[[ Given information open ]]

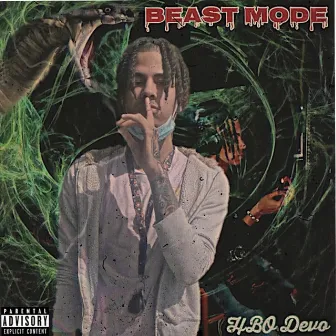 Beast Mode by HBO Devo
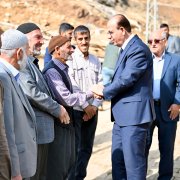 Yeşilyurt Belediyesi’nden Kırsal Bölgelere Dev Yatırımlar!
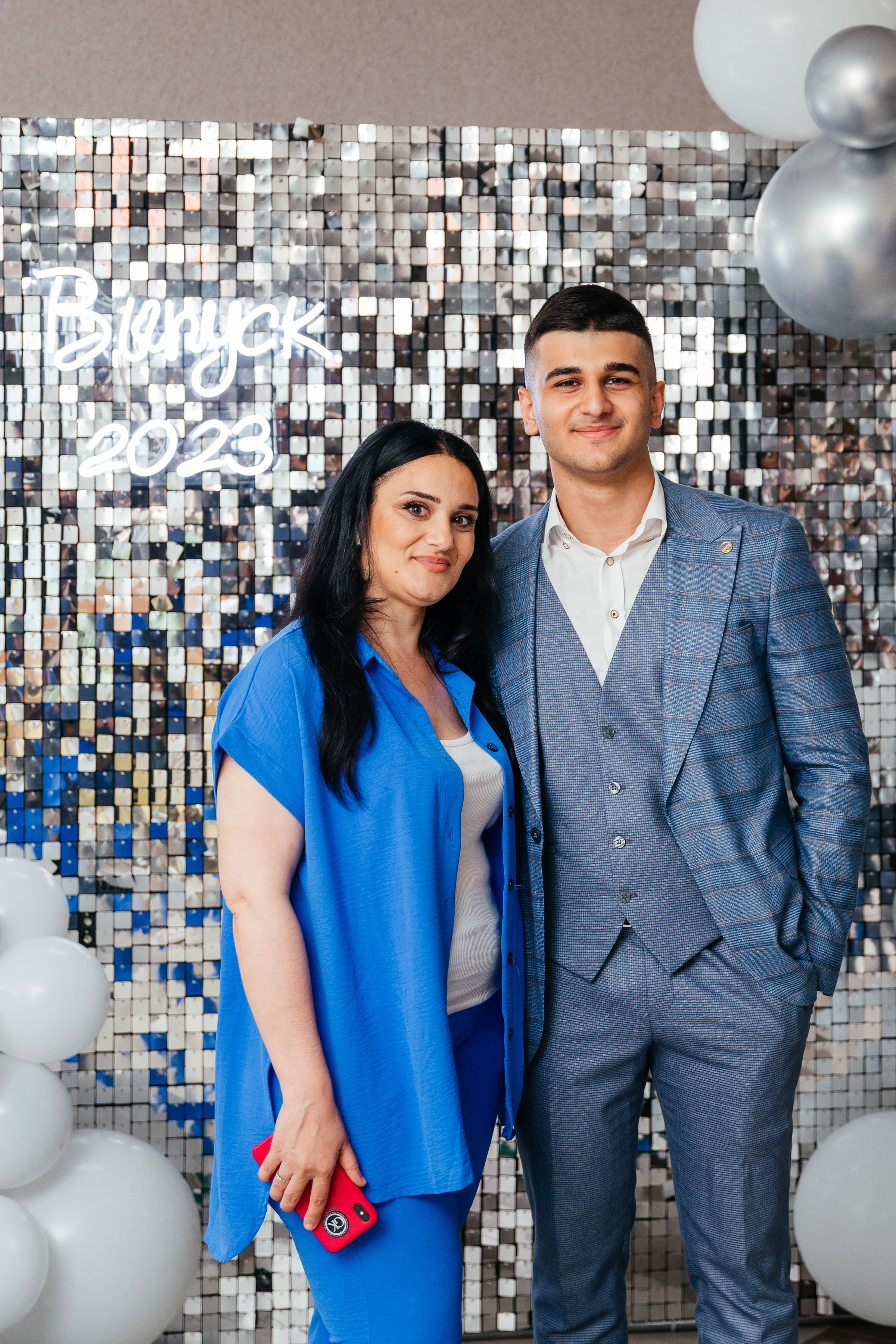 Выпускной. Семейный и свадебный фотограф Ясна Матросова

[[ Given information closed ]]
[[ Given information open ]]

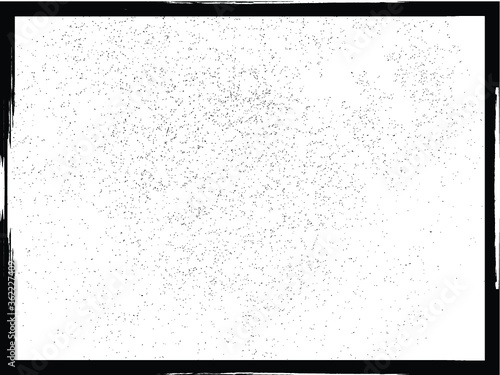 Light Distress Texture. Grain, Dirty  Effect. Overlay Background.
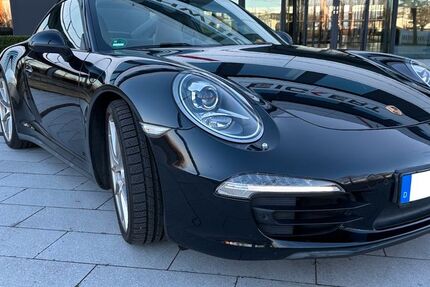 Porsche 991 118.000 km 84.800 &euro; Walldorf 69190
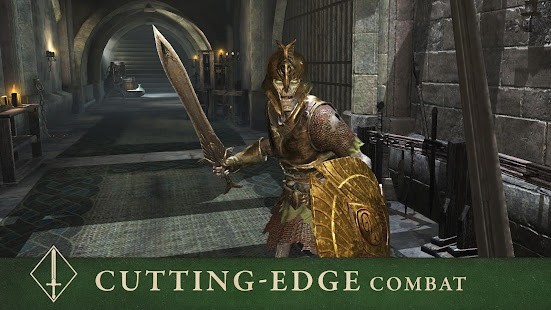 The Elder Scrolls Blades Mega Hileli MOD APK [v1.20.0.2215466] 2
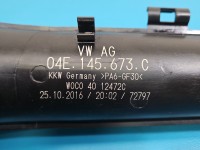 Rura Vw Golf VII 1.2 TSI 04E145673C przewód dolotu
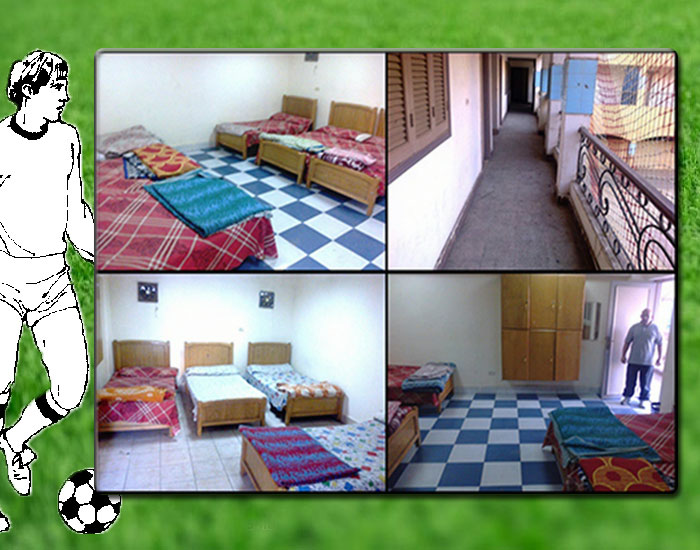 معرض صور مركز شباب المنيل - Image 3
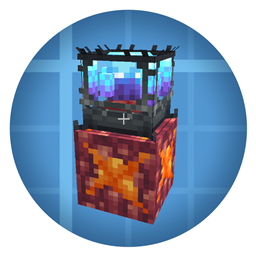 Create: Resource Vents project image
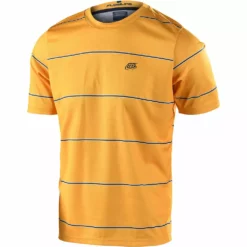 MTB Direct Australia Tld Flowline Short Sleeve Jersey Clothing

[[ Given information closed ]]

*Exercise brief*
In the listing above, find the line with "Yeşilyurt Belediyesi’nden Kırsal" and the line with "Выпускной. Семейный и". Transcribe those two and everything between, exactly, leaving out pictures.

*Problem solution*
 Yeşilyurt Belediyesi’nden Kırsal Bölgelere Dev Yatırımlar!
 Выпускной. Семейный и свадебный фотограф Ясна Матросова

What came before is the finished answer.